*** Opening of RECORDED DATA ***

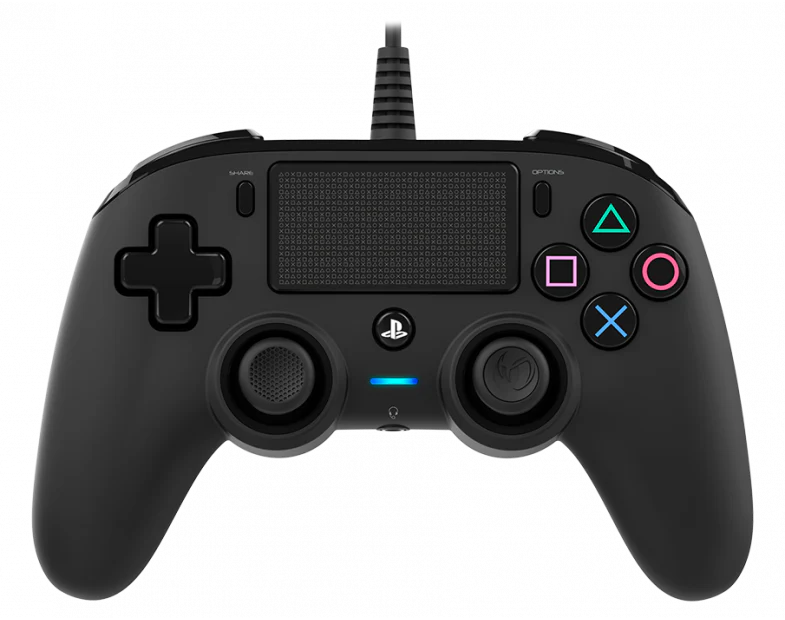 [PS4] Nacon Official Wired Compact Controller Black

*** Close of RECORDED DATA ***
*** Opening of RECORDED DATA ***

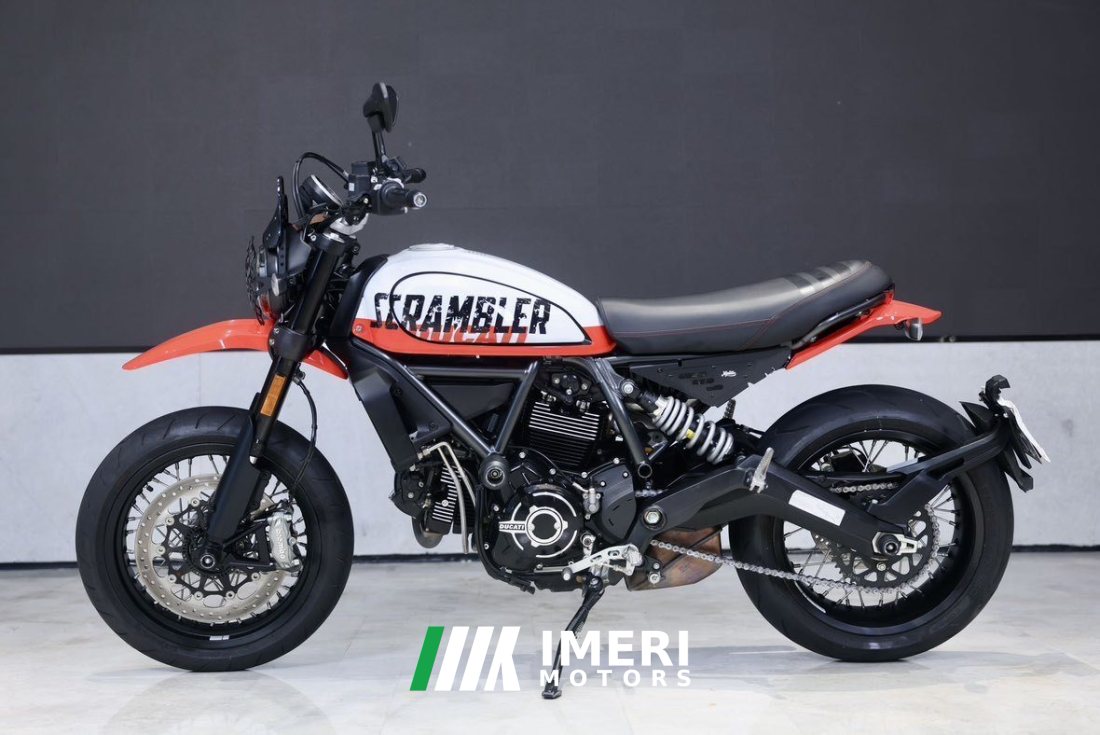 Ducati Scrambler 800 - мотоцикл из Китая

*** Close of RECORDED DATA ***
*** Opening of RECORDED DATA ***

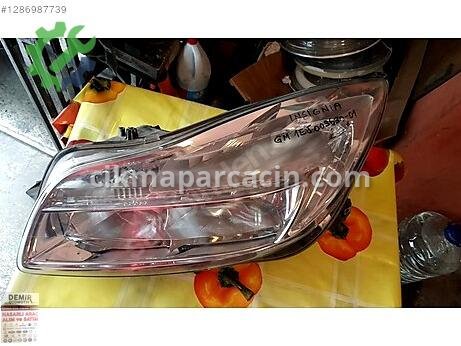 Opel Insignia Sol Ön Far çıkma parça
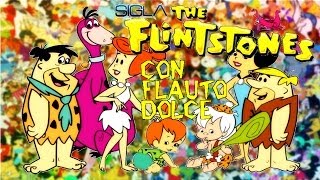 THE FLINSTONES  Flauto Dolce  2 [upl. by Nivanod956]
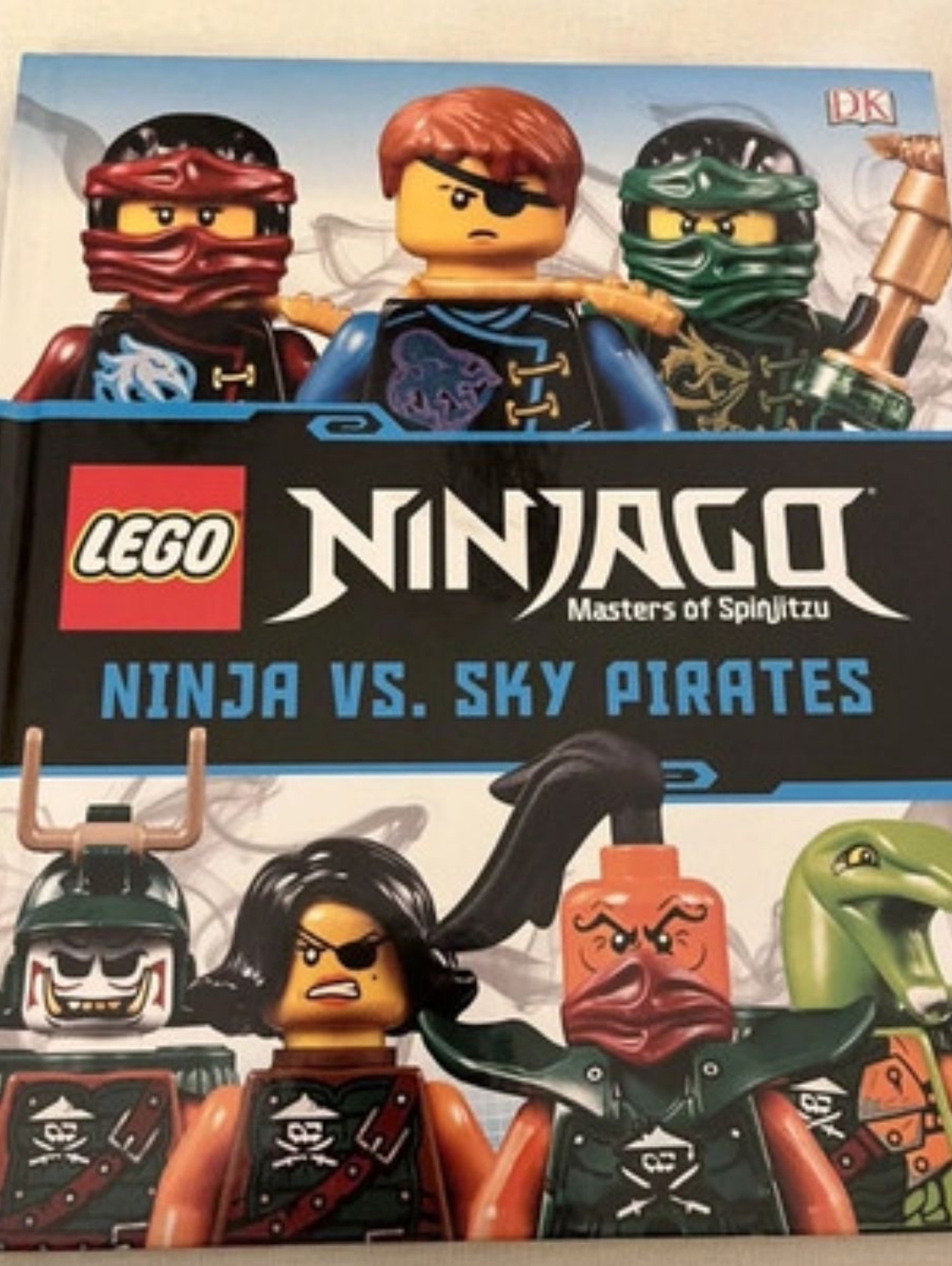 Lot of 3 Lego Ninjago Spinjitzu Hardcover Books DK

*** Close of RECORDED DATA ***

▶ _WHAT NEEDS TO BE DONE_
Every line from the one with "Opel Insignia Sol Ön Far çıkma parça" through the one with "Lot of 3 Lego" is to be reproduced exactly as written above, and the pictures are to be dropped.

▶ _SOLUTION TO THIS EXERCISE_
 Opel Insignia Sol Ön Far çıkma parça
 THE FLINSTONES  Flauto Dolce  2 [upl. by Nivanod956]
 Lot of 3 Lego Ninjago Spinjitzu Hardcover Books DK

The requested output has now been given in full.